The military had carried out a major cleanup operation in Doaba in August to flush out Taliban militants who wereinfiltrating from the nearby Kurram and Orakzai tribal regions.

Army helicopter gunships have been attacking suspected militant hide-outs in Orakzai in the last couple of weeks. That region is under the sway of Hakimullah Mehsud, a senior Taliban commander. He warned this month that the Pakistani Taliban would carry out two bombings a week in what he called revenge for missile strikes by American drone aircraft.

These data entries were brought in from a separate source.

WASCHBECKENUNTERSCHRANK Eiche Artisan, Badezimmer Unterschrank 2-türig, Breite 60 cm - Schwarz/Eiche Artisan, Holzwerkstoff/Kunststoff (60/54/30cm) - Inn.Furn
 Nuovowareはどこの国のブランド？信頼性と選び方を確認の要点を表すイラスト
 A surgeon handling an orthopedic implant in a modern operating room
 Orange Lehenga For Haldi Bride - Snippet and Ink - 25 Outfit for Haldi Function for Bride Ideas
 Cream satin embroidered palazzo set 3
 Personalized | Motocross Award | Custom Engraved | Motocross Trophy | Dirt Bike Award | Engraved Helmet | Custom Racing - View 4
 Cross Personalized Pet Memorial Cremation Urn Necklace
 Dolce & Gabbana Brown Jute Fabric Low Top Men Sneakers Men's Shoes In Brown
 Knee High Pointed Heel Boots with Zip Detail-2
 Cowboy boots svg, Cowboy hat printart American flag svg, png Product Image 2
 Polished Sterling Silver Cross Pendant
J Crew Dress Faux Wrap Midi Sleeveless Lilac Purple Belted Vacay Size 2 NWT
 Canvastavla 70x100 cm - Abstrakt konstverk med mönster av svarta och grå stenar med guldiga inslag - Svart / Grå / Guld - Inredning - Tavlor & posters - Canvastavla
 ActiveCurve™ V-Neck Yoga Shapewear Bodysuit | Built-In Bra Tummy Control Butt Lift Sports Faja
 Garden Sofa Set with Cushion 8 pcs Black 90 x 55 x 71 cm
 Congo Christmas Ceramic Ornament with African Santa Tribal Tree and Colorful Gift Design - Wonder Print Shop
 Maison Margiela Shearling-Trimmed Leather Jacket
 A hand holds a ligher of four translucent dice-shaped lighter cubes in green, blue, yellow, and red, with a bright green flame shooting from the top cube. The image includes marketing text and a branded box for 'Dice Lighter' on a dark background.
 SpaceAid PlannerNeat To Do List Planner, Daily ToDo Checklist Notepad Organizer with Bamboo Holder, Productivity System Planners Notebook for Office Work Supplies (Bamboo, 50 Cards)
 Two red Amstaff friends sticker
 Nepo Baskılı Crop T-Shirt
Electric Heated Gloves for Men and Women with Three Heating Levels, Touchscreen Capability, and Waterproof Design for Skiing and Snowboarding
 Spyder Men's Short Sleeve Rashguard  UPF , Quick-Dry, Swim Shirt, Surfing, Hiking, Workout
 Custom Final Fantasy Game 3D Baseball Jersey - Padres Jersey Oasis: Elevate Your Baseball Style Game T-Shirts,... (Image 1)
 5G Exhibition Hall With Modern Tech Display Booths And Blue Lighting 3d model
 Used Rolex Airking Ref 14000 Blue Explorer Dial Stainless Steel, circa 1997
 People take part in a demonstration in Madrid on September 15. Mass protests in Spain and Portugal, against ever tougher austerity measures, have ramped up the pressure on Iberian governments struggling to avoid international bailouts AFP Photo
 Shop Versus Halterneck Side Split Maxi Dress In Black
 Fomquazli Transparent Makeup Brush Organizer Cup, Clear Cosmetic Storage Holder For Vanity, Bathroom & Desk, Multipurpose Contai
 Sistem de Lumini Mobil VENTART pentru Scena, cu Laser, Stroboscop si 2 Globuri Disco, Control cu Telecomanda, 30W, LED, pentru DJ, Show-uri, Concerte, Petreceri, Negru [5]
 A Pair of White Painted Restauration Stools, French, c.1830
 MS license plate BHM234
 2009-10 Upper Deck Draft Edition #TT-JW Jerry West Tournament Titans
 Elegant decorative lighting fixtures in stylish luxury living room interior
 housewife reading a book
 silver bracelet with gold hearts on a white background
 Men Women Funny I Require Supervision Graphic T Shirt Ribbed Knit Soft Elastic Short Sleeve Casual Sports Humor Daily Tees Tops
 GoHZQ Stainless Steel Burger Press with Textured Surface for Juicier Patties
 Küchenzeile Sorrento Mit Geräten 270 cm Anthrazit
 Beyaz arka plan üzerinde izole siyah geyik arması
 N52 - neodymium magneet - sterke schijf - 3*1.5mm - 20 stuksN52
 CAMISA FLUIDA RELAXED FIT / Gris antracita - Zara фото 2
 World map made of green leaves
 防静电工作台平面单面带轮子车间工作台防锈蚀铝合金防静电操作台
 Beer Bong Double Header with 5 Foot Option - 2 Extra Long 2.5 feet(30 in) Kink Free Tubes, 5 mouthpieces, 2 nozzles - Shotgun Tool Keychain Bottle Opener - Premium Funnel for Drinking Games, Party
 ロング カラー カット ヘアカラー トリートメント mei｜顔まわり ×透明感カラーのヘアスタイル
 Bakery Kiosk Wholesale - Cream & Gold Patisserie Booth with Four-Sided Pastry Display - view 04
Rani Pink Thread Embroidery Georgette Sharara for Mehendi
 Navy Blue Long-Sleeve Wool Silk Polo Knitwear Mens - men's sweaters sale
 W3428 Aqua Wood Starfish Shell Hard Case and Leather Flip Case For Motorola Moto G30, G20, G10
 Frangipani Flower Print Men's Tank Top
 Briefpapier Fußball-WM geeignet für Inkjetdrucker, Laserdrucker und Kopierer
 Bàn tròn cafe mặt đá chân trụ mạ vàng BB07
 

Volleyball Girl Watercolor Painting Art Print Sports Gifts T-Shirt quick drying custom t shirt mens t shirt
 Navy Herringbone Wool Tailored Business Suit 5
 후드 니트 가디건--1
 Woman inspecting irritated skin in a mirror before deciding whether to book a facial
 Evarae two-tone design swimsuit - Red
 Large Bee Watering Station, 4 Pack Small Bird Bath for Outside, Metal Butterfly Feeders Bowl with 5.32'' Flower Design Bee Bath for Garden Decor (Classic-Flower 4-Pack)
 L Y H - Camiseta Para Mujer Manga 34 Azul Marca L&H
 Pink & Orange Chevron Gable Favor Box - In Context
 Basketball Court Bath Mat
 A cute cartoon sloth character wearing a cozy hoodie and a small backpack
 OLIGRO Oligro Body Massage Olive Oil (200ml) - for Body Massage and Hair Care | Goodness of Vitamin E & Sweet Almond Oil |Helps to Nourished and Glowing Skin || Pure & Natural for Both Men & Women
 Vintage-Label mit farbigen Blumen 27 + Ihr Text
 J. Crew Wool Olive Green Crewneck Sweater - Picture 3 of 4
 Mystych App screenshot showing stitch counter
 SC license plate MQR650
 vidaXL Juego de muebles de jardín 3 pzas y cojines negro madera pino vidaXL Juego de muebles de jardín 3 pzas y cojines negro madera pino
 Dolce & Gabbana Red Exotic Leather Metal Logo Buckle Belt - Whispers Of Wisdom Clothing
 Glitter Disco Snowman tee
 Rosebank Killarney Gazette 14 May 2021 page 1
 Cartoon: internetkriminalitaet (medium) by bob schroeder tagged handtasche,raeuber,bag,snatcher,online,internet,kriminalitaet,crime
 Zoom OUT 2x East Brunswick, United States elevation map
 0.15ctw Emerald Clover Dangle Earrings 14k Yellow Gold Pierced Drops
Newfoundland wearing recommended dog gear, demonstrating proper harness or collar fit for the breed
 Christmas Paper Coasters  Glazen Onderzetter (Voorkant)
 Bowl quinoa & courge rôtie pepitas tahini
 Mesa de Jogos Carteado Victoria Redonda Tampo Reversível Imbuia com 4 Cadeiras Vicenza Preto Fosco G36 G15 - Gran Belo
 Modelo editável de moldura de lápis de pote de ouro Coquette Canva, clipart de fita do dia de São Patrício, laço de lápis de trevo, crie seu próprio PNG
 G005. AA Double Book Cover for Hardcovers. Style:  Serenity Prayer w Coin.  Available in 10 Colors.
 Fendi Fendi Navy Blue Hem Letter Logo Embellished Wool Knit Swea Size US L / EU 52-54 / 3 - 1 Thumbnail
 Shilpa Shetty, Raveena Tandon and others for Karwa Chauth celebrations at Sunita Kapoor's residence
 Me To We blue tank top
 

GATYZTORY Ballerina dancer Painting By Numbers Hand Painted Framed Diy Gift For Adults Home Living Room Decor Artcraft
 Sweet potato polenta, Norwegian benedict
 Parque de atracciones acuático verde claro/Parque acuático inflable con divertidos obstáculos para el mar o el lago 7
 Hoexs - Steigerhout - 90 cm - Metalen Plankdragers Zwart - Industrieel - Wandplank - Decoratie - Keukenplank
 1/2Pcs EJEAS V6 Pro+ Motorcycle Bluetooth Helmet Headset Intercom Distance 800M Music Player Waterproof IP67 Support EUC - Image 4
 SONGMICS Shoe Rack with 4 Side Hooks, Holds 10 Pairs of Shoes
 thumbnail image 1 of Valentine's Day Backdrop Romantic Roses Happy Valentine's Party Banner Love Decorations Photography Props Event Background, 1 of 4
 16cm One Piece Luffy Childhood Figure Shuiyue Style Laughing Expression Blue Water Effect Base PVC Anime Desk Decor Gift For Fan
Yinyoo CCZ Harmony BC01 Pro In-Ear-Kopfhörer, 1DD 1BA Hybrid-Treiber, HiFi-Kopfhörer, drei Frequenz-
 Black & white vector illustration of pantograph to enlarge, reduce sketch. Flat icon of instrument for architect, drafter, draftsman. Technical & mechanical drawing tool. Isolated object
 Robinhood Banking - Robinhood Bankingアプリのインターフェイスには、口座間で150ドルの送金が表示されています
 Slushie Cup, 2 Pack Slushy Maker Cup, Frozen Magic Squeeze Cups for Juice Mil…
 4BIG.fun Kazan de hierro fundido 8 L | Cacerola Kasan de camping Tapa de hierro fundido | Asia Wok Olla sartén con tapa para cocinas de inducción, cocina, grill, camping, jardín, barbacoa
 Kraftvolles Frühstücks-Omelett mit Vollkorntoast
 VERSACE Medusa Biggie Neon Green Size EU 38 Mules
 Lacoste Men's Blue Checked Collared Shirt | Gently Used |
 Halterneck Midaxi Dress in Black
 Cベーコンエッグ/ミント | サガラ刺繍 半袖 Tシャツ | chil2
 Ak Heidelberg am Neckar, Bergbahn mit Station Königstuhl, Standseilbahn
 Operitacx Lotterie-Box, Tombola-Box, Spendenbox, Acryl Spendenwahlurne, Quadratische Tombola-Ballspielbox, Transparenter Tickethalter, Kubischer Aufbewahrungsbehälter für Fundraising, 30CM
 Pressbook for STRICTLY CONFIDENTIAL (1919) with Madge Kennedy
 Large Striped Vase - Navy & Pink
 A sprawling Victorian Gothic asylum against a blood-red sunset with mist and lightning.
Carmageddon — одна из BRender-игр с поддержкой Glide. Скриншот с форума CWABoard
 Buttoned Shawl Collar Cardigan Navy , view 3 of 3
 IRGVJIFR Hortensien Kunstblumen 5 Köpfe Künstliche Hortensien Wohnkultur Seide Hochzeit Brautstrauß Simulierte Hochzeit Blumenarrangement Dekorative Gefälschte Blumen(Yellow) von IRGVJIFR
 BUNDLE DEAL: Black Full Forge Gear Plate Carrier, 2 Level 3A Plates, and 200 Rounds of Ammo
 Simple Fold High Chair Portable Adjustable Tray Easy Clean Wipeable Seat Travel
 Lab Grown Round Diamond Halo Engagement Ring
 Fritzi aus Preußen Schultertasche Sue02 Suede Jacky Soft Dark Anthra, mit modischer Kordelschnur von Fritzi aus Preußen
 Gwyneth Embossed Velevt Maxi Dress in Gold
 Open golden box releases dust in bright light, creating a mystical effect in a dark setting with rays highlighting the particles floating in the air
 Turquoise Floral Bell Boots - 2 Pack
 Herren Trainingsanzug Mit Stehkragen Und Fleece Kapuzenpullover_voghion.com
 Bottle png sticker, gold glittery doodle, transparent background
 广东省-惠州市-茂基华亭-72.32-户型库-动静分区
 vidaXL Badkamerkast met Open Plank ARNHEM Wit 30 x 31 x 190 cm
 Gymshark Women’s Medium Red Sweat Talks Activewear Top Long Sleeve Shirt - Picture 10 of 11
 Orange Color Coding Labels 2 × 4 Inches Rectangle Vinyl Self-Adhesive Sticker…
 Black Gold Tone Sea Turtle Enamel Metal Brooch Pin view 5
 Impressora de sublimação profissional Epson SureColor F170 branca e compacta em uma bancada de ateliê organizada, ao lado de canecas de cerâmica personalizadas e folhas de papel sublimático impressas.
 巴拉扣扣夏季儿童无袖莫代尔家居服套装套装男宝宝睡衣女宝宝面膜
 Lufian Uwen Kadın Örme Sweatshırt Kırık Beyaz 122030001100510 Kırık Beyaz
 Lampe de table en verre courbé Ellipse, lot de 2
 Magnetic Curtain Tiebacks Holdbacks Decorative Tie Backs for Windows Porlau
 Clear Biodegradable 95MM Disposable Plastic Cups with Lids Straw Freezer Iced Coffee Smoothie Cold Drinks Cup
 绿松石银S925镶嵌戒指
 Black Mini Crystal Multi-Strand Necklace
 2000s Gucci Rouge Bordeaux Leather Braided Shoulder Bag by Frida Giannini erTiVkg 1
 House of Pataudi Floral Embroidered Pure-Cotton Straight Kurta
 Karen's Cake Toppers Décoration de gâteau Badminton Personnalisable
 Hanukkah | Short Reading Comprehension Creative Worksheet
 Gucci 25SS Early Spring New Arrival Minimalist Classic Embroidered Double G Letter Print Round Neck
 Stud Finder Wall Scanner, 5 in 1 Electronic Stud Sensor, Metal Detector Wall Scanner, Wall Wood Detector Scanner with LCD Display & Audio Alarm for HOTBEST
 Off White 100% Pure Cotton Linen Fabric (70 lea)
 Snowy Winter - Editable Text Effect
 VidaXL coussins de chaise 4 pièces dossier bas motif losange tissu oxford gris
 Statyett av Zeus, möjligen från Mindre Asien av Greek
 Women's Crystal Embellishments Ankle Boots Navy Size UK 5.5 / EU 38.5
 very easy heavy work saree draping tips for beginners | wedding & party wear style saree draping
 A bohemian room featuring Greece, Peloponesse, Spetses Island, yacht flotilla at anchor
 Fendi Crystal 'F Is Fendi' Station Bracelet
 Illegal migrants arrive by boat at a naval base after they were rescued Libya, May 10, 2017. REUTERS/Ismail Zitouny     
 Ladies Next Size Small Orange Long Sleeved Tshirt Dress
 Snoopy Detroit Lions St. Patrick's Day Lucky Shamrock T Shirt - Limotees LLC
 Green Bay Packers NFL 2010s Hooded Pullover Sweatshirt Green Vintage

One of those missile strikes, on April 2, was apparently aimed at Mr. Mehsud. The strike killed 10 militants at one of his training camps in the Orakzai region, officials said. Mr. Mehsud was reported to have escaped.

He claimed responsibility for a suicide bombing attack two weeks ago against a checkpoint in an upper-class neighborhood of Islamabad. Eight paramilitary soldiers were killed in that attack.

The checkpoint attacked on Saturday sits on the Hangu-Parachinar road, which has been closed to general traffic for over a year because of a Taliban roadblock intended to stop food and fuel supplies to the mainly Shiite population in Kurram's regional headquarters of Parachinar.

The Hangu district has been a frequent flashpoint for violence between Sunnis and Shiites. Forty-eight people were killed during sectarian attacks during the Shiite holy month of Muharram last year.

Also on Saturday, Asfandyar Wali, the leader of the Awami National Party, which negotiated a peace deal with the Taliban in the district of Swat, defended the party's decision to agree to the introduction of Islamic law in that region. The party is a member of the coalition government led by President Asif Ali Zardari, and has been at the forefront of the decisions to concede authority to the Taliban in Swat.

"We preferred diplomacy over war," Mr. Wali told a news conference in Karachi. "I don't say this is the best solution," he said of the setting up of Islamic courts in Swat.